■ Problem description: In the records below, begin at the line containing "Gamberetti, le patate" and end at the line containing "dining space featuring"; quote every line in that span exactly, including both boundary lines, and no others.

·····

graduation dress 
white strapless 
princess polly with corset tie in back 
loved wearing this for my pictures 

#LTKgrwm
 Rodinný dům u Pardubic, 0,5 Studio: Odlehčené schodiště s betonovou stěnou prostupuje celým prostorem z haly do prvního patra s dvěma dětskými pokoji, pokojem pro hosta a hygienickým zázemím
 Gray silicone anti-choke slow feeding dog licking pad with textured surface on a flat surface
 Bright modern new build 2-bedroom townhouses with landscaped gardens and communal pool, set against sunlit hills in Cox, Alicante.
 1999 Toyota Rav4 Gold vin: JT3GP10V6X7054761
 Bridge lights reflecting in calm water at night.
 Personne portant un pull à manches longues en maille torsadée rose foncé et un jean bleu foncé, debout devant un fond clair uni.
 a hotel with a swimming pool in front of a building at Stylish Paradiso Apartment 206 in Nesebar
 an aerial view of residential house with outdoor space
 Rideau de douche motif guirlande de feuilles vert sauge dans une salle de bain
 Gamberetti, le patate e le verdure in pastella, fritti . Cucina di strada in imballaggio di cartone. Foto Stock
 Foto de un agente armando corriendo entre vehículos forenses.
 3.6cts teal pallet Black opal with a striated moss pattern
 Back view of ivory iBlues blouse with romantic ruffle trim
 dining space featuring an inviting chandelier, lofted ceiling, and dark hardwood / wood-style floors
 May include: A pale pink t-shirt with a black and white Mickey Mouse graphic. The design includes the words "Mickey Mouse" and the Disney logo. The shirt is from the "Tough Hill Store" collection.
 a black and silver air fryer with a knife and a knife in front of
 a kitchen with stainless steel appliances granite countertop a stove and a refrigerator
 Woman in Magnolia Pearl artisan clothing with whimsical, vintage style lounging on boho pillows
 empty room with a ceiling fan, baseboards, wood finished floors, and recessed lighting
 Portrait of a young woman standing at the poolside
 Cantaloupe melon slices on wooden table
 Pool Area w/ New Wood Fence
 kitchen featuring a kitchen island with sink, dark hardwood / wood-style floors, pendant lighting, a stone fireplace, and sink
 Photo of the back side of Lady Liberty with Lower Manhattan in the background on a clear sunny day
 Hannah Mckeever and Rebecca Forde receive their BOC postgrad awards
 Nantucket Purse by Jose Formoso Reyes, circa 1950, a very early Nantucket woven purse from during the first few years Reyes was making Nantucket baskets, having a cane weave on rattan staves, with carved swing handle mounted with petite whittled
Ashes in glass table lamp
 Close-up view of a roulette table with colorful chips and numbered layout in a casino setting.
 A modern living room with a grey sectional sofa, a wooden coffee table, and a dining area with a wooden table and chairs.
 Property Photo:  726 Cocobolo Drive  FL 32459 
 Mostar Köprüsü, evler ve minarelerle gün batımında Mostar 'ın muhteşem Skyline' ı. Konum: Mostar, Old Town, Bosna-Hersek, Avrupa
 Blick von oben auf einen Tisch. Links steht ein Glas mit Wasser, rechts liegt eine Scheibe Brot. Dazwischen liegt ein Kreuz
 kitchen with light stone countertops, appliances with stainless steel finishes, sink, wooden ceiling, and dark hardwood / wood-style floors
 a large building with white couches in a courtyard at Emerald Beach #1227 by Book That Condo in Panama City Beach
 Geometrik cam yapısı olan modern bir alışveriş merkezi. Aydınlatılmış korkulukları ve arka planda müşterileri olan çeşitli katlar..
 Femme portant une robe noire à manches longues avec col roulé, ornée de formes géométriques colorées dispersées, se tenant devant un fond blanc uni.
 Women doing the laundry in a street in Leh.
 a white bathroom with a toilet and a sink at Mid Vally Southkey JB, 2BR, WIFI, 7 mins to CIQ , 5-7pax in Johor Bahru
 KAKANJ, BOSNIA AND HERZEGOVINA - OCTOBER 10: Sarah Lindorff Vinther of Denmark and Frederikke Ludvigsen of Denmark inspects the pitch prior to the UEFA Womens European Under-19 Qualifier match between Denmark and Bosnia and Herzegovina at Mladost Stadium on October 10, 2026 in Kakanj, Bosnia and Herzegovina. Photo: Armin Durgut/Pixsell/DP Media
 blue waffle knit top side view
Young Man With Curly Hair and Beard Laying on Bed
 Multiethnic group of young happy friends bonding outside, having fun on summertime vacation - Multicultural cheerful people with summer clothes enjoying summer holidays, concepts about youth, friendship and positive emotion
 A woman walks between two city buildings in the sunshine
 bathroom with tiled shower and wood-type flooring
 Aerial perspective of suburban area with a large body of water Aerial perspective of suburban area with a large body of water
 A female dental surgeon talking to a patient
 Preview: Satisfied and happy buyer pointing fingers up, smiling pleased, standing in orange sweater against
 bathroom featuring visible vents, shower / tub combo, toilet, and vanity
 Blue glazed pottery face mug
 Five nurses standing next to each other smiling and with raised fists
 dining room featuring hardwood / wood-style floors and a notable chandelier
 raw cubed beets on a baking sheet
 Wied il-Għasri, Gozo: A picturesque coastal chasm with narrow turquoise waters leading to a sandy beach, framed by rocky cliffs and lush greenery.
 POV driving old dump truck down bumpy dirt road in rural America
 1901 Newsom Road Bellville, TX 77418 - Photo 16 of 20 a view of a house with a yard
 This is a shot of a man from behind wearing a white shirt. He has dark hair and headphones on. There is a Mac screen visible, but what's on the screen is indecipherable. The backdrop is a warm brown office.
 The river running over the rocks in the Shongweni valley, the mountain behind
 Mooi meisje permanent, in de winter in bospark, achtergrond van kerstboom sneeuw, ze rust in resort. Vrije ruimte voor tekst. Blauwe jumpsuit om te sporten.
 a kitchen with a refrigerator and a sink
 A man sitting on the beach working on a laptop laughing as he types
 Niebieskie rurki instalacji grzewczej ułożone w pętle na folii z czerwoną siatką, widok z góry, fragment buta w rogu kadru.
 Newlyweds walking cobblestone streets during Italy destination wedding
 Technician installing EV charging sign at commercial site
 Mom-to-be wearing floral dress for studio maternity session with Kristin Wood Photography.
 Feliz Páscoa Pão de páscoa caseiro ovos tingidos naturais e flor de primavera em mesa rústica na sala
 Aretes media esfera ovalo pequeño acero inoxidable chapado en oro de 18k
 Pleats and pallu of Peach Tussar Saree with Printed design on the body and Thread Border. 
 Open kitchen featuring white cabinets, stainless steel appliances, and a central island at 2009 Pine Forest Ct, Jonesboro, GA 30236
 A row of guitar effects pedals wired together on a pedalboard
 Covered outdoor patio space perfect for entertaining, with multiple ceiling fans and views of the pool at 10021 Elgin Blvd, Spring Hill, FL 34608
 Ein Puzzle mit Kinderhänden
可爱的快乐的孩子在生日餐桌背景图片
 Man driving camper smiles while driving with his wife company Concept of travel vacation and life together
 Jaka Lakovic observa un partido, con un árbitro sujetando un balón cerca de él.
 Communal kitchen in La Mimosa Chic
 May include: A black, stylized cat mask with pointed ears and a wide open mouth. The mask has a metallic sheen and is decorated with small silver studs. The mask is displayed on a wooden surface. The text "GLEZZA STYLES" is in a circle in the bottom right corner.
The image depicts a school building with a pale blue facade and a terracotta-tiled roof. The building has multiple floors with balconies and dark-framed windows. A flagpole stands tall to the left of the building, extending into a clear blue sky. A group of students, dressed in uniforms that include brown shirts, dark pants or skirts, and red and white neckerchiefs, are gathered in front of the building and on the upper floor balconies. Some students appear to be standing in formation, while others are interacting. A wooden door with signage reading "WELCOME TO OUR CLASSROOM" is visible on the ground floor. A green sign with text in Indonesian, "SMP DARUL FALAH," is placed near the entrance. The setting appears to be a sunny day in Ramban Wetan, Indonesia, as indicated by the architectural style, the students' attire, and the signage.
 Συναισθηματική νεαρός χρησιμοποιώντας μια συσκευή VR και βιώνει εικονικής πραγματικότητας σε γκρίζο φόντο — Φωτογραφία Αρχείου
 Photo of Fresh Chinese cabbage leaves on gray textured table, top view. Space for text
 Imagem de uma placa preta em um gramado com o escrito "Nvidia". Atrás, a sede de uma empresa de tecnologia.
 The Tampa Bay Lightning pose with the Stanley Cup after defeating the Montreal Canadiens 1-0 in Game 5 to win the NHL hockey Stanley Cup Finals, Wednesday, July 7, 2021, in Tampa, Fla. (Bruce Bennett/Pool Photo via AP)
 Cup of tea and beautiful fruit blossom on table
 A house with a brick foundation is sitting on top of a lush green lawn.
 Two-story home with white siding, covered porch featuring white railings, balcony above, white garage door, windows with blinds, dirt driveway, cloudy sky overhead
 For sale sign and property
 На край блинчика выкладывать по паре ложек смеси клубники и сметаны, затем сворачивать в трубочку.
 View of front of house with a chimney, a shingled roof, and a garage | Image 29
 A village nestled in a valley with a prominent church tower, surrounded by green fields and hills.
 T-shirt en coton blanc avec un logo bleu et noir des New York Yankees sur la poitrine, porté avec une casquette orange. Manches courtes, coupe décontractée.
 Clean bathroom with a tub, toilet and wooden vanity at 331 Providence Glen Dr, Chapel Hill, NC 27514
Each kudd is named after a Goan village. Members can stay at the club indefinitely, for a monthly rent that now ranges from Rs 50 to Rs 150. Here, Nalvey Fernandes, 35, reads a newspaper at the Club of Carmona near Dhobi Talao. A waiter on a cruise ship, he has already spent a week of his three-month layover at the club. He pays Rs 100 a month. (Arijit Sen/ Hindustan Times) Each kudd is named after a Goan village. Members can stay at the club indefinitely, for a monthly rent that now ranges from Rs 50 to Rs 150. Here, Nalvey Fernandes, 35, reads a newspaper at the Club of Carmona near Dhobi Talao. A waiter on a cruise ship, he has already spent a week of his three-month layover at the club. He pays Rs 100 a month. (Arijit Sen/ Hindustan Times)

·····

■ Completed task:
 Gamberetti, le patate e le verdure in pastella, fritti . Cucina di strada in imballaggio di cartone. Foto Stock
 Foto de un agente armando corriendo entre vehículos forenses.
 3.6cts teal pallet Black opal with a striated moss pattern
 Back view of ivory iBlues blouse with romantic ruffle trim
 dining space featuring an inviting chandelier, lofted ceiling, and dark hardwood / wood-style floors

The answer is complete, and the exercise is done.